**EXERCISE DETAILS:** When you reach the line with "this 480×268 image." in the data below, begin printing lines exactly, and stop once the line with "this 1536×690 image." has been printed.

**DATA RECORDS:**
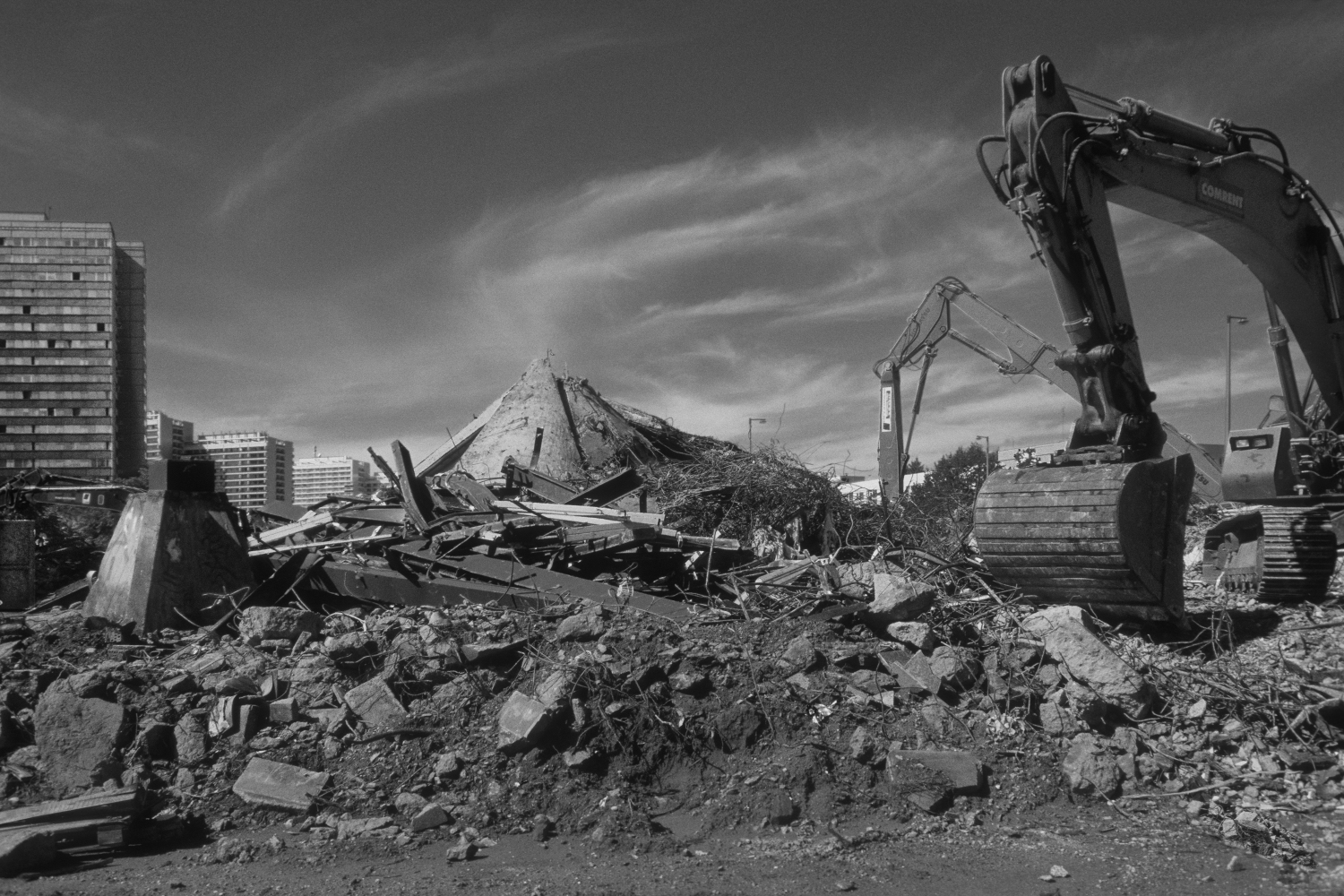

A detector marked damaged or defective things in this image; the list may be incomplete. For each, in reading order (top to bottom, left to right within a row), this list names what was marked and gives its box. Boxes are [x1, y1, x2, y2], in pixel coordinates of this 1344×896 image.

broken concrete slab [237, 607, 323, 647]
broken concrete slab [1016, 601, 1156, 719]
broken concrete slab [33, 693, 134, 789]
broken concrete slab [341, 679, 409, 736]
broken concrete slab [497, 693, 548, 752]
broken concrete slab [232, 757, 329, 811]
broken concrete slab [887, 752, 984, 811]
* * *
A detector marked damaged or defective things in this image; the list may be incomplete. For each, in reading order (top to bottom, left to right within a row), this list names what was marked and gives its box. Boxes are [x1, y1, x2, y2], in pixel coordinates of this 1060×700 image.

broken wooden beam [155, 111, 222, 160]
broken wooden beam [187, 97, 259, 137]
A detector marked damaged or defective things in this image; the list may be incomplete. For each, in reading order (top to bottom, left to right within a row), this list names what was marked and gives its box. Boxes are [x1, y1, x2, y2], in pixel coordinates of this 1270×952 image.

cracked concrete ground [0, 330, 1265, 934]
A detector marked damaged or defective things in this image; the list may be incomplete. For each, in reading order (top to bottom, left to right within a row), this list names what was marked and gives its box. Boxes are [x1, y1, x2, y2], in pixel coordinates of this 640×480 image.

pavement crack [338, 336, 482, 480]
==
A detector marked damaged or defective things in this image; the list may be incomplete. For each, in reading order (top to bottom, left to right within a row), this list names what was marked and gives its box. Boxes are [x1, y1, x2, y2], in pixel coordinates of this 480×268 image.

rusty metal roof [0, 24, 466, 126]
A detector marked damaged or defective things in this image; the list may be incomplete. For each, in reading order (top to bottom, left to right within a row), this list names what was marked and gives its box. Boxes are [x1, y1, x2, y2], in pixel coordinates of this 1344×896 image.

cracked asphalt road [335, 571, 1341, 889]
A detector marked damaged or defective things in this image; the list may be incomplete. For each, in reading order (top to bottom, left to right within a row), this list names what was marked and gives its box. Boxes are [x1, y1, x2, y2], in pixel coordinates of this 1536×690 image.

**ANSWER TO THIS TASK:**
A detector marked damaged or defective things in this image; the list may be incomplete. For each, in reading order (top to bottom, left to right within a row), this list names what was marked and gives its box. Boxes are [x1, y1, x2, y2], in pixel coordinates of this 480×268 image.

rusty metal roof [0, 24, 466, 126]
A detector marked damaged or defective things in this image; the list may be incomplete. For each, in reading order (top to bottom, left to right within a row), this list names what was marked and gives its box. Boxes are [x1, y1, x2, y2], in pixel coordinates of this 1344×896 image.

cracked asphalt road [335, 571, 1341, 889]
A detector marked damaged or defective things in this image; the list may be incomplete. For each, in reading order (top to bottom, left to right within a row), this list names what was marked and gives its box. Boxes are [x1, y1, x2, y2], in pixel coordinates of this 1536×690 image.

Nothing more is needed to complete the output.